Photos d'un voyage au Royaume-Uni, mai 2023.
Hier j’ai plongé…
C'était ma septième plongée dans les eaux magnifiques de la Rade de Brest, à l’extrême ouest de la France. C'était aussi la plongée la plus magique de toute : descente à 20 m près d'un rocher nommé la Cormorandière où se pavanent... des cormorans, bien sûr.
Sur notre bateau, on règle son gilets, on enfile ses palmes, on met le détendeur en bouche et c'est parti. Eau à 14°C, on est à l'étal : le courant est faible, tout est bon pour la descente.
Arrivés au fond, nous attend un spectacle incroyable permis par une visibilité remarquable. C'est rare. Les eaux bretonnes, souvent turbides et agitées, sont peu clémentes avec le plongeur et si elles recèlent de scènes sous marines miraculeuses, foisonnantes de biodiversité, qui n'ont rien à envier à la Polynésie ou au Mexique (je crois mes instructeurs sur parole), c'est commun de ne pas voir plus loin que ses mains une fois sous l'eau.
Pas cette fois : je regarde en silence les majestueux laminaires qui remuent lentement dans le courant, avec tout en haut, en guise de ciel, la surface de l'eau qui brille un peu différemment à chaque vague. On perd la notion de distances et d'échelle au fond de la mer, même à 20 mètres. On a pénétré dans un nouveau Monde que notre équipement nous permet d'expérimenter une poignée de minutes. On ne peut pas se lasser de cette sensation.
Autour de ces belles plantes perchées sur leurs rochers, on voit toutes sortes d'espèces : éponges, ascidies, vives, crevettes, nudibranche, roussette, homard, congre... Tant d'espèces qui défilent en seulement 20 minutes.
Sans parler de tous ces poissons que je ne saurais nommer, que je n'ai vus que furtivement.
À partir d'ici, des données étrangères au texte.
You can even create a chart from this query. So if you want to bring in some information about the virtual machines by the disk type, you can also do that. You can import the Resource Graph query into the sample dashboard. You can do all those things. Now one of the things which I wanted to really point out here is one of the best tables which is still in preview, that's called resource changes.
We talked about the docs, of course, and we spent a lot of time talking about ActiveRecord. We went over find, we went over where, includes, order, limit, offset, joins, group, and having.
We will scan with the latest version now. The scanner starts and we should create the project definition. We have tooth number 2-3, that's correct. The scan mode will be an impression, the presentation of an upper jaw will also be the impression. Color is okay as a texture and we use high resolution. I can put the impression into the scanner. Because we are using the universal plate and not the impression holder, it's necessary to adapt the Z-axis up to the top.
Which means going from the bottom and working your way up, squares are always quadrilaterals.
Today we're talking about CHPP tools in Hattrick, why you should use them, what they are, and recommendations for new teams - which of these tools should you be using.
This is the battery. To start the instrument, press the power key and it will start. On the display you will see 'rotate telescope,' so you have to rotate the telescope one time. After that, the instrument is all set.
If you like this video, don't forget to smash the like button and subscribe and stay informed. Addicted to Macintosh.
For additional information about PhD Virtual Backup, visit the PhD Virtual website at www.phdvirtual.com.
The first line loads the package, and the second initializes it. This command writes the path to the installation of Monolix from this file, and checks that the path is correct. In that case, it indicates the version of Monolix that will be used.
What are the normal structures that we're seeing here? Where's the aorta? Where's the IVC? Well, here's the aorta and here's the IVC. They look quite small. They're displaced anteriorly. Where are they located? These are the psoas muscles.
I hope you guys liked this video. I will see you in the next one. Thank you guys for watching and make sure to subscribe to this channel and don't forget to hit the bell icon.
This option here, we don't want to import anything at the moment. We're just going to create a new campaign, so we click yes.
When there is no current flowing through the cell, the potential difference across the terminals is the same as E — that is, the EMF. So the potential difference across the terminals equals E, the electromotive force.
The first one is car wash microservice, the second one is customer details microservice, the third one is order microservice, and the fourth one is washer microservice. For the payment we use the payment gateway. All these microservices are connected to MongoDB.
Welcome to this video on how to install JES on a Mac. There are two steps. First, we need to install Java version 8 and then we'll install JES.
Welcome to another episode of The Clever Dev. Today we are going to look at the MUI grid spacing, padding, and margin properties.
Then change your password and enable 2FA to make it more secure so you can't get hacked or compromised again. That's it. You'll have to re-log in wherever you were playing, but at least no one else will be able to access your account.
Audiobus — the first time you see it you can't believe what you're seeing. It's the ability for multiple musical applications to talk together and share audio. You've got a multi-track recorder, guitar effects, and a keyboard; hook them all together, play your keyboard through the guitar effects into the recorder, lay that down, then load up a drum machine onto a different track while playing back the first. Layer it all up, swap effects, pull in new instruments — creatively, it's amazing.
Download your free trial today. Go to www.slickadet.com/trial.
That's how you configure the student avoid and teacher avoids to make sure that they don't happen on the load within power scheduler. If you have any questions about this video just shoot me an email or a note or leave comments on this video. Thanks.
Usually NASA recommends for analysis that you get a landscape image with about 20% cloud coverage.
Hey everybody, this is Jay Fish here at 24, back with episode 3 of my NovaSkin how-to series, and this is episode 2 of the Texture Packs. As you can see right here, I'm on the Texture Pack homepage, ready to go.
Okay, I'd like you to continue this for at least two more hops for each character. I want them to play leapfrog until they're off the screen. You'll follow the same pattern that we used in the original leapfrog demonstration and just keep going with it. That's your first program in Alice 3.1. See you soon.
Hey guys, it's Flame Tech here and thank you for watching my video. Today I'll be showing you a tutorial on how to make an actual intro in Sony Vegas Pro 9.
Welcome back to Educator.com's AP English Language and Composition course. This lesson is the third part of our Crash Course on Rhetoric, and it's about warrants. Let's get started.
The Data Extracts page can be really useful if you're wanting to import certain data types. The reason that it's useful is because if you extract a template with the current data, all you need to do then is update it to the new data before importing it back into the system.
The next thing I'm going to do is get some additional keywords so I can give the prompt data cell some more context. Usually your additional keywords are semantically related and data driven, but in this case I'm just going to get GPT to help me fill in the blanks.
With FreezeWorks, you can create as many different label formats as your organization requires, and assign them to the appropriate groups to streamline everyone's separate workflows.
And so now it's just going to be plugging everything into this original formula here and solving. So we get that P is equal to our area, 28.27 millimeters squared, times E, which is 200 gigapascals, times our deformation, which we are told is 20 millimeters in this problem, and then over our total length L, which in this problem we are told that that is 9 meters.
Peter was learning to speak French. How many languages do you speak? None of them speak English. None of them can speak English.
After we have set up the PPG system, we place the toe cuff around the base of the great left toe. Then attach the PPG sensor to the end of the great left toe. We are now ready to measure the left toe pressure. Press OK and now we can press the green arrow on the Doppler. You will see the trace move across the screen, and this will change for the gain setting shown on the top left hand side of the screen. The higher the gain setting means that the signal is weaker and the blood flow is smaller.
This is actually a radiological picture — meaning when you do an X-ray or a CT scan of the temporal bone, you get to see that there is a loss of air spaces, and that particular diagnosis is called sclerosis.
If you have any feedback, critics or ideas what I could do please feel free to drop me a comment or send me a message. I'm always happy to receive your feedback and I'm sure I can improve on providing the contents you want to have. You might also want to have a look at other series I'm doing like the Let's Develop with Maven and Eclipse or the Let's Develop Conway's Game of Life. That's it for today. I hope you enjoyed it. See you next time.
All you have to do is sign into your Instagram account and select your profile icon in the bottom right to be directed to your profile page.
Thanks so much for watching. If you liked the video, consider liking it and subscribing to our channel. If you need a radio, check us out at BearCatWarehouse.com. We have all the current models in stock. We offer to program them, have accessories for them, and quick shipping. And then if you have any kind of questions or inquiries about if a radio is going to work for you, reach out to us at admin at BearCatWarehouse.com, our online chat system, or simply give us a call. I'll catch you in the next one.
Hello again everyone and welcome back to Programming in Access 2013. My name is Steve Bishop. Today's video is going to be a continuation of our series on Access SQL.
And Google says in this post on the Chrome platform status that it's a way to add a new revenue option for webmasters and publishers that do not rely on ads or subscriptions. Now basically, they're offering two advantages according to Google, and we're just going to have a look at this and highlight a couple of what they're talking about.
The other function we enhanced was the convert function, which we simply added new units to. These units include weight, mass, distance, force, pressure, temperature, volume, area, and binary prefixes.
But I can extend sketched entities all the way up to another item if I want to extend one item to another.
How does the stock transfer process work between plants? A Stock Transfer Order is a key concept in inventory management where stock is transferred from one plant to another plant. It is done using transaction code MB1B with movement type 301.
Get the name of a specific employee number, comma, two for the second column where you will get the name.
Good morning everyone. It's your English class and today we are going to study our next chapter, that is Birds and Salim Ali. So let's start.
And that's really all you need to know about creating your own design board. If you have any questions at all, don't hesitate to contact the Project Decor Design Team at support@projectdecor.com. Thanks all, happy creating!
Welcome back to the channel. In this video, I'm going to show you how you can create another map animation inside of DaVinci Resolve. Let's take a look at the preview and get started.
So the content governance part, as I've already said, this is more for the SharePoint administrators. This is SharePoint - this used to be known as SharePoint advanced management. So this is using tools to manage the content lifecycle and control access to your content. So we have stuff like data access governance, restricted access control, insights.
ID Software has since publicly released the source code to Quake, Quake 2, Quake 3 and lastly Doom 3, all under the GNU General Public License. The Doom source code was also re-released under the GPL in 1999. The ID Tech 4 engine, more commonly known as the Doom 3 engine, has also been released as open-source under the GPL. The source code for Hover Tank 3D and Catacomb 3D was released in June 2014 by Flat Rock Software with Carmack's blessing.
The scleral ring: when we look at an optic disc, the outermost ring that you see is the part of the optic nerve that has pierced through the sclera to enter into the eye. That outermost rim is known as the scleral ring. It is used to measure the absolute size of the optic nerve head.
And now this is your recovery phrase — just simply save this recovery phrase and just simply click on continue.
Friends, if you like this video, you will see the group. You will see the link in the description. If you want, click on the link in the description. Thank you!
La rencontre n'en a été que plus belle. Au comble de l'émerveillement devant ce monde sous marin, mon coéquipier de palanquée me montre un rocher : un coup de palme et j'y suis. Un poulpe est en train de dévorer une araignée de mer, ça prend du temps. Devant cette scène, je reste toujours sans voix (l'absence d'air n'aide pas). Il se passe tellement de choses sous cette surface lisse, parfois bleue, grise ou verte selon la météo, des choses qu'on peine à imaginer et concevoir depuis la terre ferme.
C'était mon rappel que c'est ce vaste territoire bleu qu'on doit protéger à tout prix. Celui qu'on voit sur la carte, qui part de Brest pour aller jusqu'à Manille, puis au Cap, en Alaska et au Chili. Ce territoire de vie blessé par les filets de notre pêche et nos chaluts, par les microplastiques de nos pneus, par le carbone de nos industries... Impossible de penser à autre chose à – 20 m, immergé dans ce milieu liquide et émerveillé par toute ces formes de vies complexes et fragiles autour de moi.